■ Instructions for the task
Search the material for "Money" and show all lines that contain it.

■ Data under study
● ● ● ● ● ● ●
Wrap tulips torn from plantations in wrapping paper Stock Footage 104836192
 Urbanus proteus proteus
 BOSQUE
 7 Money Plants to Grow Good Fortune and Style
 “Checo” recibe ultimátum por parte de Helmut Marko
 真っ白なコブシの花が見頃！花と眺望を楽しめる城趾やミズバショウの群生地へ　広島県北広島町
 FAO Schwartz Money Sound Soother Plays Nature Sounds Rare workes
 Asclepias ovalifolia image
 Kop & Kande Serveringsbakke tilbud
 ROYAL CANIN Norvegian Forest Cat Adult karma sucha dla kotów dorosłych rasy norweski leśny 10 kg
● ● ● ● ● ● ●
■ Answer
 7 Money Plants to Grow Good Fortune and Style
 FAO Schwartz Money Sound Soother Plays Nature Sounds Rare workes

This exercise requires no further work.